‘Rita’: A joyous bar-room romp
Berwick Festival Opera (BFO) charged into its 2018 season at full-tilt this weekend with a truly joyous bar-romp of a show: Donizetti’s ‘Rita’. It is a marvel that Maltings’ CEO Matthew Rooke manages to attract such quality musicians and performers to Berwick, let alone co-create tailormade opera to drop into the nooks and crannies of our historic town – in this case, slap-bang in the Maltings’ Bar – but we’re blooming lucky he does.
The fact that ‘Rita’ (written in 1841) has the plotline of a slapstick soap on amphetamines doesn’t matter a jot.
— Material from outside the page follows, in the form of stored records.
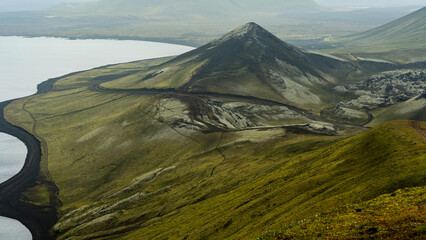Old and green Volcano with moody atmosphere near Landmannalaugar, Iceland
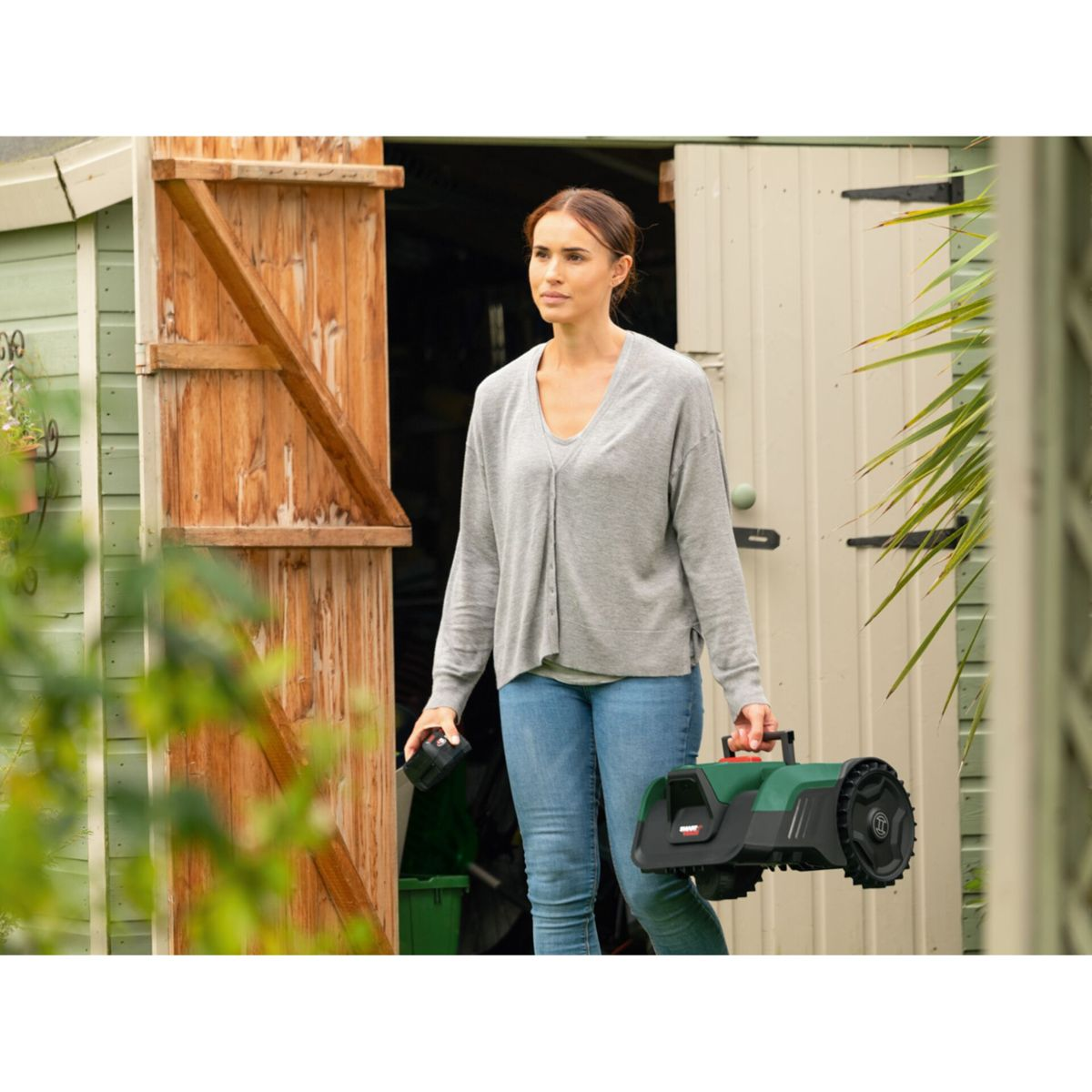 Eine Frau in Jeans und grauem Pullover trägt einen Mähroboter und Akku.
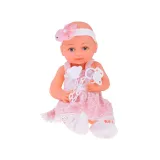 zbliżenie na twarz lalki z dużymi niebieskimi oczami i długimi rzęsami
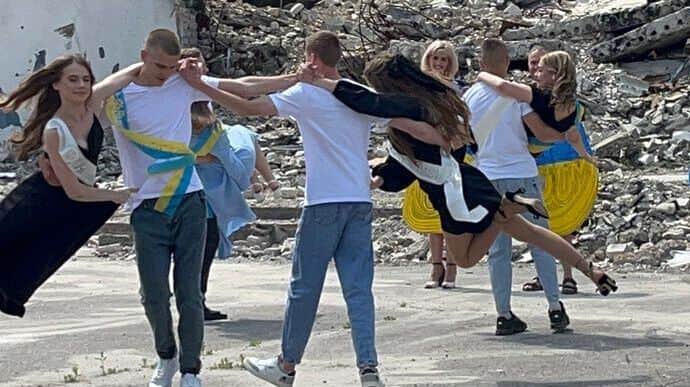 School graduates dance sombre waltz on ruins of House of Arts in Kharkiv Oblast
What had the audience pinned to their seats and laughing out loud was the way the orchestra – led by conductor Peter Ford, and the performers – soprano Natasha Day, baritone Job Tomé and tenor Austin Gunn (Rocket Opera co-founder) pay such courteous attention to each other and take such joy in co-creating great music and entertainment.
The trick, Peter Ford told me, in adapting a score for a smaller orchestration is to select instruments that deliver the tone and colour to echo the original. Rooke certainly achieved this and the musicians delivered. Cath Cormie (violin) and Nigel Chandler (cello) and the keys of Julie Aherne provided the cohesion and impetus, and Simon McGann (flute, piccolo) and Sam Lord (clarinet) the light and depth.
The BFO/Rocket Opera partnership has produced consistently high-quality tailored opera entertainment in Berwick, including ‘The Mikado’ and ‘Don Giovanni’ (both conducted by Ford). As Rooke pointed out in his introduction, ‘Rita’ is from the same stable as ‘The Silken Ladder’ (another BFO/Rocket coproduction) – high octane, high jinks, super fun. In short, Rita runs a bar with her bullied and downtrodden second husband Peppe. Her first husband, wife-beater Gasparo, is believed to be dead. However, Gasparo turns up wanting Rita’s death certificate (he thinks she died in a fire) so he can marry his new paramour. Both husbands want shot of Rita and compete to off-load her on each other.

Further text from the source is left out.